Design mutable sum-tree with fast queries

Quick Overview

This question evaluates proficiency in designing dynamic data structures for mutable rooted trees, including maintenance of subtree sums, parent/child link management, and analysis of update and query complexities within the Coding & Algorithms domain; it emphasizes practical application of algorithmic design coupled with conceptual understanding of invariants and amortized complexity. It is commonly asked in technical interviews because it probes reasoning about correctness and performance under mutations, handling edge cases such as subtree deletion and reattachment, and the ability to specify algorithmic approaches and complexity guarantees rather than implementation details.

Design mutable sum-tree with fast queries

Company: Airbnb

Role: Software Engineer

Category: Coding & Algorithms

Difficulty: Medium

Interview Round: Onsite

You're given a rooted, mutable tree.
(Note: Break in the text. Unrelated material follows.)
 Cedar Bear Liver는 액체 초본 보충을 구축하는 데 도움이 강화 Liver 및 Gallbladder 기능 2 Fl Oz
Each leaf node stores an integer value. Each internal node's value equals the sum of its immediate children's values. Design data structures and functions to: (a) return the current value of any node by id efficiently after preprocessing; and (b) support two mutations: toLeaf(nodeId, value) converts any node into a leaf with the given value (removing its prior subtree), and toParent(nodeId, subtree) converts a leaf into an internal node by attaching a provided subtree whose leaves hold integers. After any sequence of mutations, getValue(nodeId) must remain correct and efficient. Specify algorithms, update/query complexities, how you maintain parent/child links and subtree sums, and how you handle edge cases (deleting/reattaching subtrees, empty children, overflow, very deep trees).
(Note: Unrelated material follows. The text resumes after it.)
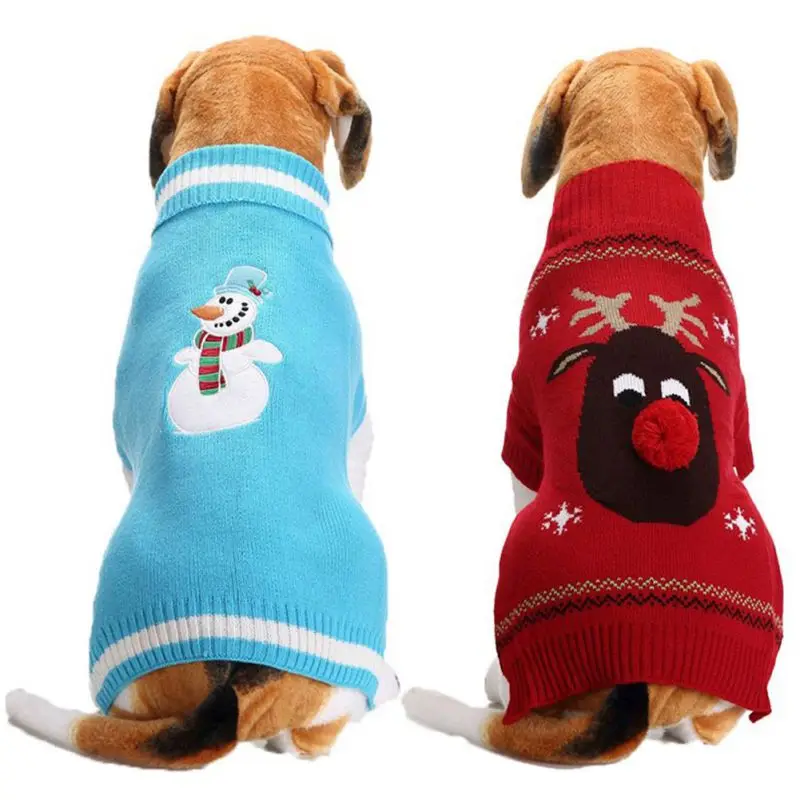 Warm Pet Sweater for Small Medium Dogs Winter Dog Sweater Christmas Pet Clothing Knitted Costume Coat Cartoon Striped Clothes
Quick Answer: This question evaluates proficiency in designing dynamic data structures for mutable rooted trees, including maintenance of subtree sums, parent/child link management, and analysis of update and query complexities within the Coding & Algorithms domain; it emphasizes practical application of algorithmic design coupled with conceptual understanding of invariants and amortized complexity. It is commonly asked in technical interviews because it probes reasoning about correctness and performance under mutations, handling edge cases such as subtree deletion and reattachment, and the ability to specify algorithmic approaches and complexity guarantees rather than implementation details.
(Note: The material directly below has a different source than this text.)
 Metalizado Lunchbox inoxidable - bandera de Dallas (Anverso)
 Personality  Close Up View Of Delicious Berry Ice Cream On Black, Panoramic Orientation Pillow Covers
You are given a rooted mutable tree. Each leaf stores an integer value. Every internal node's value is always the sum of its immediate children's current values, so each node also equals the sum of all leaf values in its current subtree. Implement a function that preprocesses the initial tree and then processes mutations and queries efficiently. Operations are: ('get', nodeId) to return the current value of a node, ('toLeaf', nodeId, value) to delete nodeId's current descendants and make nodeId a leaf with the given value, and ('toParent', nodeId, new_edges, new_leaf_values) to convert a current leaf into an internal node by attaching a new subtree rooted at nodeId. Return the answers to all 'get' operations in order. Your solution should correctly maintain parent/child links, subtree sums, handle negative values, allow an empty attached subtree (value 0), and avoid recursion-only approaches because the tree may be very deep.

Constraints

The initial structure is a valid rooted tree.
1 <= total number of nodes that ever appear across the whole input <= 2 * 10^5.
-10^9 <= each leaf value <= 10^9, and sums may exceed 32-bit range.
Operations are valid: `get` and `toLeaf` reference existing nodes, `toParent` is called on a current leaf, and added node ids are not currently present in the tree.
If `toParent(nodeId, [], {})` is used, `nodeId` becomes an internal node with no children and value 0.

Examples

Input: ([(1, 2), (1, 3), (3, 4), (3, 5)], {2: 5, 4: 2, 5: 1}, [('get', 1), ('get', 3), ('toLeaf', 3, 10), ('get', 1), ('get', 3), ('toParent', 2, [(2, 6), (2, 7)], {6: 4, 7: -1}), ('get', 2), ('get', 1)])

Expected Output: [8, 3, 15, 10, 3, 13]

Explanation: Initially node 3 = 2 + 1 = 3 and node 1 = 5 + 3 = 8. After making node 3 a leaf with value 10, node 1 becomes 15. Then node 2 changes from leaf 5 to an internal node with children 6 and 7, so node 2 = 4 + (-1) = 3 and node 1 becomes 13.

Input: ([], {1: 7}, [('get', 1), ('toParent', 1, [], {}), ('get', 1), ('toLeaf', 1, -3), ('get', 1)])

Expected Output: [7, 0, -3]

Explanation: Single-node tree edge case. The empty `toParent` makes node 1 an internal node with no children, so its sum is 0. Converting it back to a leaf with value -3 updates the node correctly.

Input: ([(10, 11), (10, 12), (12, 13), (12, 14), (14, 15)], {11: -2, 13: 5, 15: 7}, [('get', 10), ('toLeaf', 12, 1), ('get', 10), ('get', 12), ('toParent', 11, [(11, 16), (11, 17), (16, 18)], {17: 2, 18: 3}), ('get', 11), ('get', 10)])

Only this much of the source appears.